For the middle one, would you accept the arithmetic progression 1, 1, 1?

I know that 1 is not considered to be a prime now, but it was considered to be a prime by most mathematicians up through the 19th century, and Lehmer included it in his lists of primes as late as 1956.


It's a defensible point of view, but I'd then ask for another.


1 1 2


Not in arithmetic progression.


s/whole number/integer/


I have been using this when interviewing people with math degrees:

Two players play a game with a single six-sided die. The player that starts can only win by rolling a 1. If he or she doesn't win, the other player gets to roll; he or she can only win by rolling a 6. The game continues until one player wins. What's the probability the first player wins (eventually)?


Let me see if I can work through this.

Player 1 wins based on the following series:

Chance to get a 1 (turn 1): 1/6 Chance to be allowed to roll: Previous chance to be allowed to roll * 5/6 (Chance player 1 didn't roll a 1) * 5/6 (Chance player 2 didn't roll a 6) Chance to get a 1 (turns 2+): Chance to be allowed to roll * Chance to get a 1

So... summation( 1/6 * (25/36)^(n-1) )

I don't know what that comes out to be.


It's actually 1/6 * Sum_n (5/6)^2n = 1/6 * 1 / (1 - 25/36) = 6/11. The first move provides a small advantage, as intuition dictates.


I like this one. It can be brute-forced easily enough, but there are also a couple much more elegant approaches that I would expect a good mathematician to produce.
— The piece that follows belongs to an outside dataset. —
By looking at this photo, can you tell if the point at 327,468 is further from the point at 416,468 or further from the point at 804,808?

As a mathematician I'll be interested in knowing why you ask that question to people with math degrees.

What information does that give to you as an interviewer?
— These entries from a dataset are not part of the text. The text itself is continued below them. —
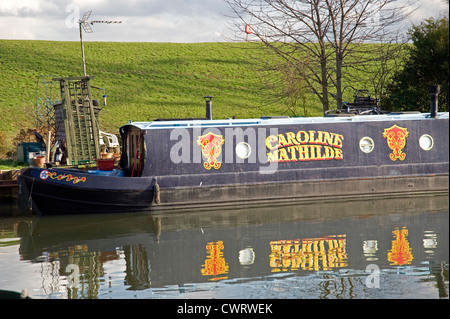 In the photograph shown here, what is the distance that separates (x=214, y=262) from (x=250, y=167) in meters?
6.15

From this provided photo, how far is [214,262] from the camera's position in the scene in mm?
10812

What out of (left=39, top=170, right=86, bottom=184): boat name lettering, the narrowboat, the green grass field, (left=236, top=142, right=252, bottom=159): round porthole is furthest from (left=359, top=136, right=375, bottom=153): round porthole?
the green grass field

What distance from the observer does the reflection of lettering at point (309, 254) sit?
33.1 ft

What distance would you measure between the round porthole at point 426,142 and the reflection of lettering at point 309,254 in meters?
6.10

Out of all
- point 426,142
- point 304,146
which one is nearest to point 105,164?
point 304,146

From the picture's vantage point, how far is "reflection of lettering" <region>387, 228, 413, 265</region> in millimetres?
9718

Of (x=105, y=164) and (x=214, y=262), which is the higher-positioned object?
(x=105, y=164)

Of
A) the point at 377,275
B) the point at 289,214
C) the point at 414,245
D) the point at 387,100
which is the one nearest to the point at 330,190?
the point at 289,214

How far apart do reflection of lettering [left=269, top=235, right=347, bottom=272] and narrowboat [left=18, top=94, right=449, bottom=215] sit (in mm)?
4445

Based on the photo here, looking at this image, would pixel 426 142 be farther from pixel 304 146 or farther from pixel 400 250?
pixel 400 250

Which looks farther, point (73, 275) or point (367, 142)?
point (367, 142)

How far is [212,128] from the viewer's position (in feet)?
54.3

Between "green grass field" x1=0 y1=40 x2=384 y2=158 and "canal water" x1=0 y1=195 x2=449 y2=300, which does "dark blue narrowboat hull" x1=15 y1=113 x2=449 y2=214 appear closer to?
"canal water" x1=0 y1=195 x2=449 y2=300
It tells me if they can at least minimally apply their knowledge and reason about a problem. It's a filter question. If a person with a college degree in math cannot solve this, what's the likelihood they will be able to solve an actual real problem I need them to work on?
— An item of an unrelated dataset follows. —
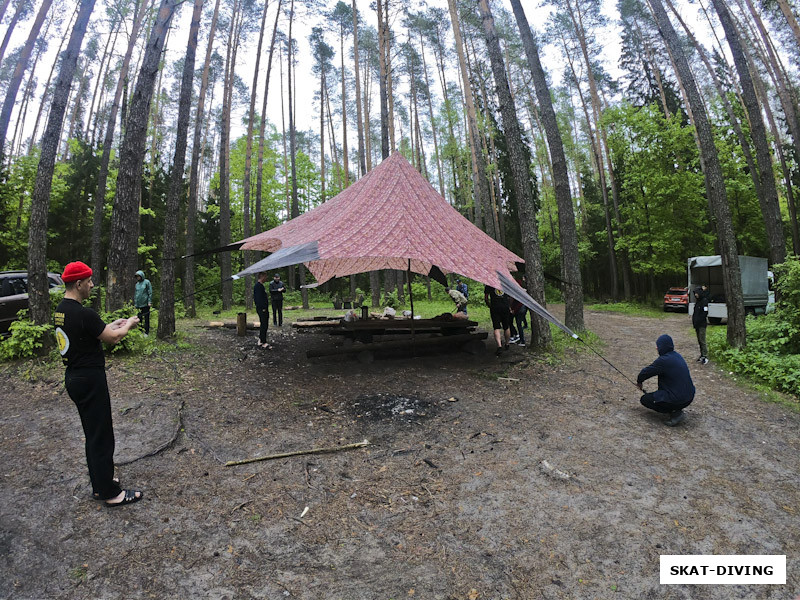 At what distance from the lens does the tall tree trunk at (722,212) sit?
721 centimetres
I think I'm at least as competent at math as one would need to be at programming to solve fizzbuzz and I have no clue how to prove either of those things.

Fizzbuzz isn't trying to separate the professional programmers from the pretenders, its' trying to identify people who have no capacity for programming whatsoever. Fizzbuzz only requires basic knowledge of the syntax of any programming language and basic problem solving skills. I think a better equivalent would be something like "integrate x*e^x". Or maybe even some college-level algebra.


The idea behind the problem seems to be to separate the mathematicians from the engineers, which the problems seem to do reasonably well.

However, since both problems are fairly trivial proof-by-contradictions, I would like every computer scientist to be able to solve them as well.

That said, my masters degree is in programming languages, so I may be exposed to a bit more math than the average software developer. I do not consider myself competent enough to be a mathematician, though.


I think proving the sqrt(2) is irrational is great. That was the very first question on my first college math homework assignment. It's a great way to weed out people aren't even close to the level they should be at math-wise. Don't worry that others can do it. FizzBuzz can also be cargo-culted. FizzBuzz tells you nothing about how good someone is, but can tell you a lot about how bad they are.

I would also suggest this: Prove exp(pi*i)+1=0.


Is it possible to prove that 0.99... = 1? If yes, how?


This one is just too much geek knowledge I think. E.g. I have read about it a bunch of times and I completely suck at math.

Something less "cool" would be more apt imo (fizzbuzz itself is rather uninteresting).


It's a pretty easy proof. I'm on mobile so I can't elaborate a lot, but just look how do you construct the fraction corresponding to a periodic number. In this case, it's 9 divided by 9. That's 1.

Another proof (requires more knowledge) is based on the structure of the real numbers. Let a and b be real numbers where a ≠ b. Then, there are infinite numbers between them. It's a pretty obvious statement.

Now, try to find any number between 0.99... and 1. You can't. So, if there isn't any number between 0.99 and 1, they are equal.


After reading some of the comments, it seems as though this has a tendency to turn into another one of those interviews where the interviewer gets to feel superior if you can't remember shit you learned 20 years ago verbatim.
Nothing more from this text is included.